Note

Go to the end to download the full example code or to run this example in your browser via JupyterLite.

Intuitively explanation#

Let’s intuitively understand the two methods, h-correlation and eta-cosine, in FastCan.

# Authors: The fastcan developers
# SPDX-License-Identifier: MIT

Select the first feature#

For feature selection, it is normally easy to define a criterion to evaluate a feature’s usefulness, but it is hard to compute the amount of redundancy between a new feature and many selected features. Here we use the diabetes dataset, which has 10 features, as an example. If R-squared between a feature (transformed to the predicted target by a linear regression model) and the target to describe its usefulness, the results are shown in the following figure. It can be seen that Feature 2 is the most useful and Feature 8 is the second. However, does that mean that the total usefulness of Feature 2 + Feature 8 is the sum of their R-squared scores? Probably not, because there may be redundancy between Feature 2 and Feature 8. Actually, what we want is a kind of usefulness score which has the superposition property, so that the usefulness of each feature can be added together without redundancy.

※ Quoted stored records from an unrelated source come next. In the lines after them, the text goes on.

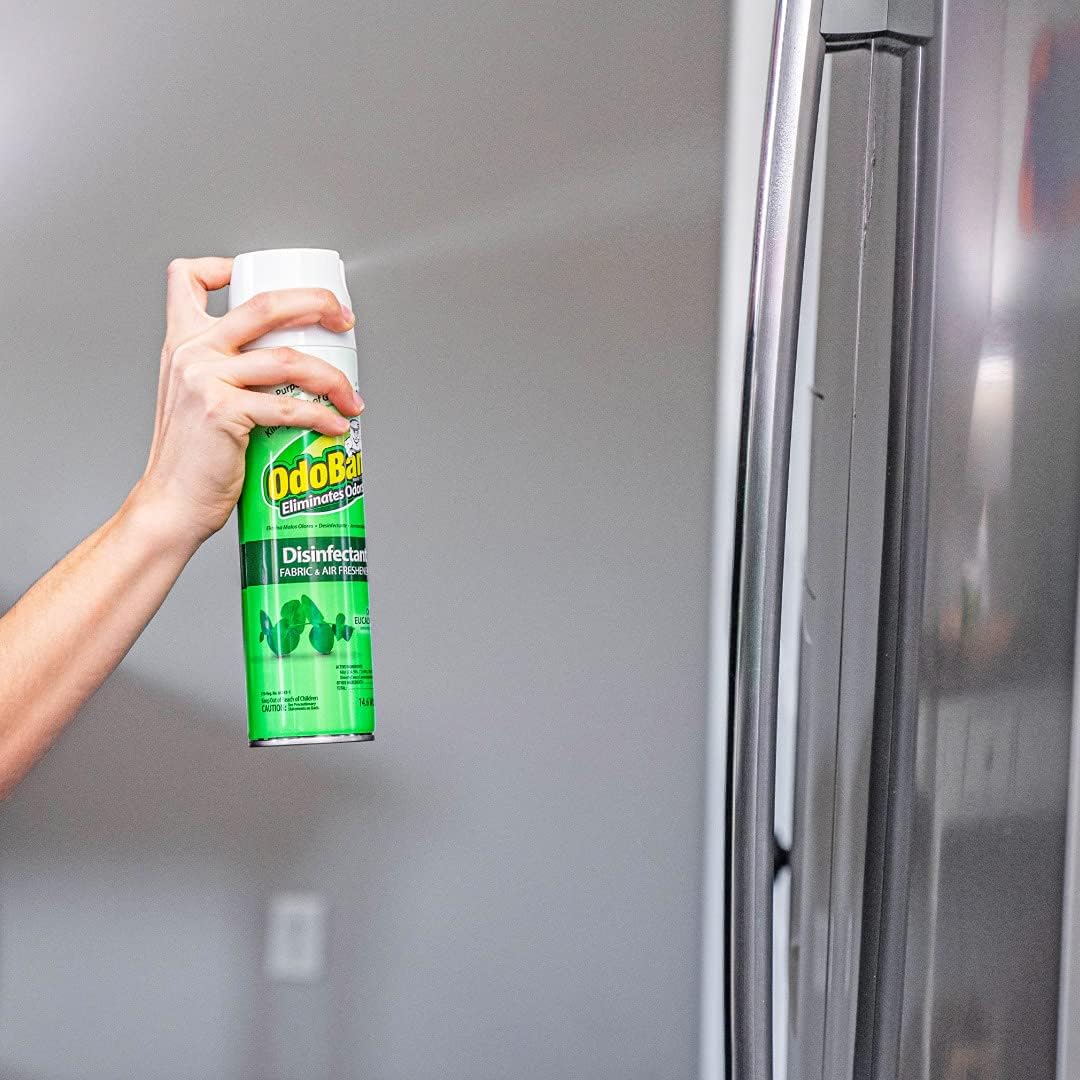 OdoBan Ready-to-Use 360-Degree Continuous Spray Disinfectant & Harsh Aroma Eliminator, Fabric and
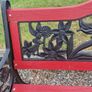 Heavy cast iron bench Image 2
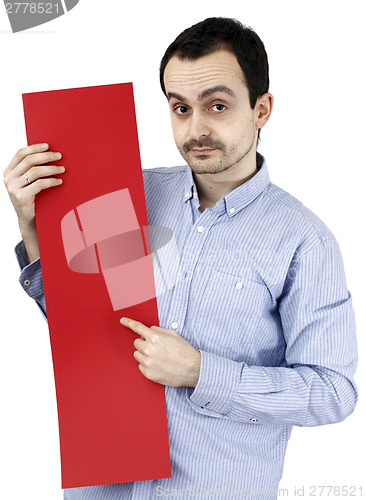 Image of Man holding a paper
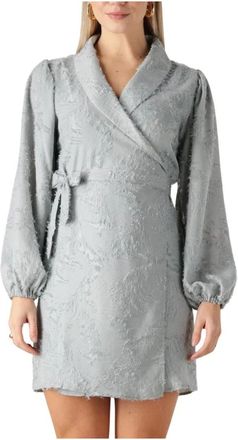 Notre-V Nv-Fortune Mini Jurk - Dames - Jurken - Blauw - Maat: S Poliester
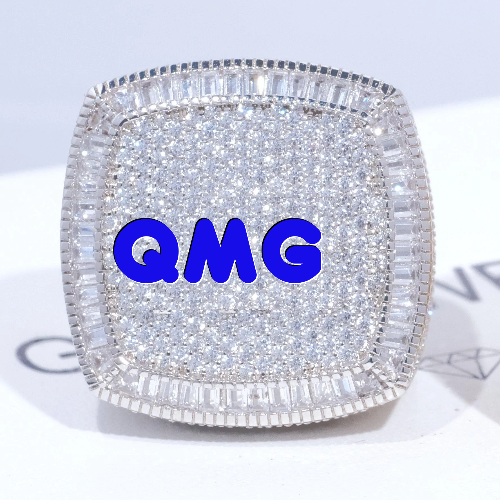 CUSTOM LETTER 3D ICED RING
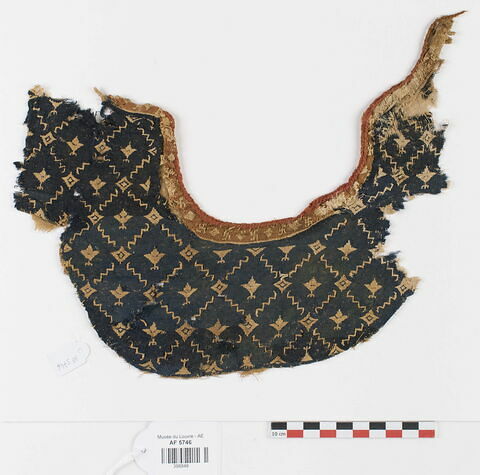 plastron de tunique ; deux fragments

import matplotlib.pyplot as plt
import numpy as np
from matplotlib.patches import Patch
from sklearn.datasets import load_diabetes
from sklearn.linear_model import LinearRegression

from fastcan import FastCan

plt.rcParams["axes.spines.right"] = False
plt.rcParams["axes.spines.top"] = False


def get_r2(feats, target, feats_selected=None):
    """Get R-squared between [feats_selected, feat_i] and target."""

    n_samples, n_features = feats.shape
    if feats_selected is None:
        feats_selected = np.zeros((n_samples, 0))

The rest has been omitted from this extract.